The institutional crystallization of Ohrid's prominence came in 1018 and 1019, when the Byzantine Emperor Basil II, following his conquest of the Bulgarian Empire, issued three chrysobulls establishing the Autocephalous Archbishopric of Ohrid. These imperial charters defined a territory stretching from the Danube to the Aegean and guaranteed the Archbishopric's self-governing status independent of Constantinople. For nearly seven and a half centuries, it remained one of the most significant ecclesiastical institutions in the Orthodox world. The Archbishopric was abolished in 1766 under Ottoman pressure, but its memory informed the eventual reestablishment of the Macedonian Orthodox Church in the twentieth century. In 2022, the Ecumenical Patriarchate formally recognized the Macedonian Orthodox Church-Ohrid Archbishopric, a recognition long sought and theologically significant to the community here.
That is the inheritance within which Easter was celebrated at Plaošnik last Saturday night. The bishop who proclaimed "Christ is risen" at midnight stood on the site of a school that shaped the written language of an entire civilization. The chants that filled the church descended from translations made in this city by a man buried beneath its stones. Nothing about that made the evening feel like a museum. It made it feel like a living thread.
In many parts of the modern West, feast days often survive in softened or secularized form. The symbols remain, but the center weakens. In Ohrid, Easter still appears ordered toward its actual claim: Christ's bodily resurrection, proclaimed liturgically and received communally. One need not be Orthodox to recognize the force of that witness.
That may be the particular gift this city offers. Here the Resurrection presents itself as inheritance: something received, guarded, embodied, and handed on across a very long time.

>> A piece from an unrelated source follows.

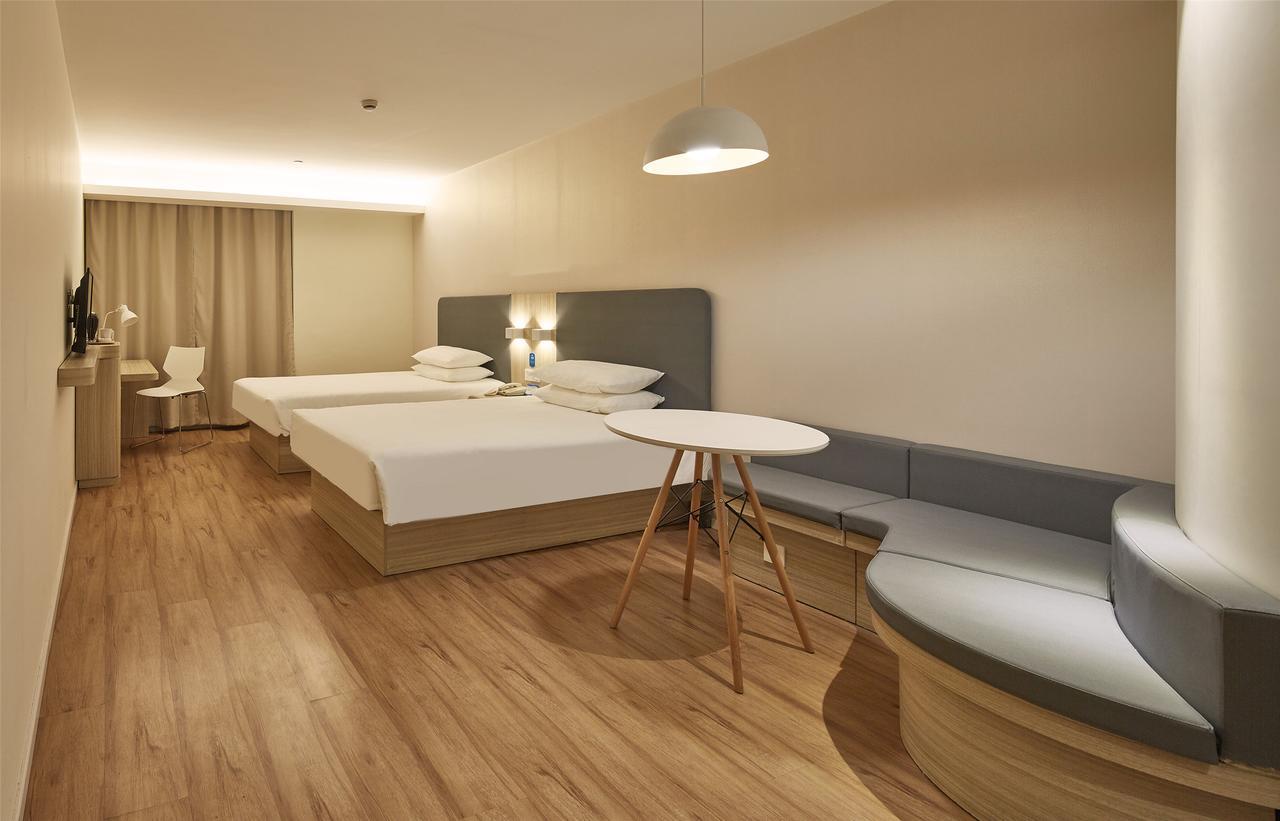 Yanzibu Hanting Hotel Zaozhuang Taierzhuang Ancient Town מראה חיצוני תמונה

Saints Cyril and Methodius, whose missionary and literary legacy stands behind Ohrid’s long Christian inheritance.
🍽️ LOCAL FLAVOR DISCOVERIES
Red Eggs, Rakija, Sarma, and an Easter Table
Easter in Ohrid was also tasted.
Our Easter meal began in the familiar Balkan way, with a small pour of rakija as an aperitif. The Macedonian Shopska salad arrived first: tomatoes, cucumbers, onion, and grated white brined cheese, sirene rather than feta, though closely related in character. Then came sarma, the stuffed rolls made in cooler months with fermented cabbage rather than grape leaves, slow-cooked to the kind of depth that only comes from a dish a region has been making for generations. A shared clay-pot entrée of tender meat and vegetables followed, the kind of dish that has probably changed very little in a hundred years. A glass of Macedonian red wine.
A full Easter feast, generously prepared, at a traditional Macedonian restaurant in the old town: forty-three dollars for two people, wine included.
Easter customs appeared in simpler forms as well. Red eggs were everywhere, especially at the midnight service, where families cracked them together following the Resurrection proclamation. The symbolism was immediate even for an outsider: death and life, the color of blood, the sealed thing broken open. Household custom held in close relation to liturgical meaning.
After lunch, we walked to where the canal meets the lake for a macchiato by the water before heading back along the promenade. A feast day is not only what happens in church. It is also how a city eats, lingers, greets, and moves through the afternoon afterward.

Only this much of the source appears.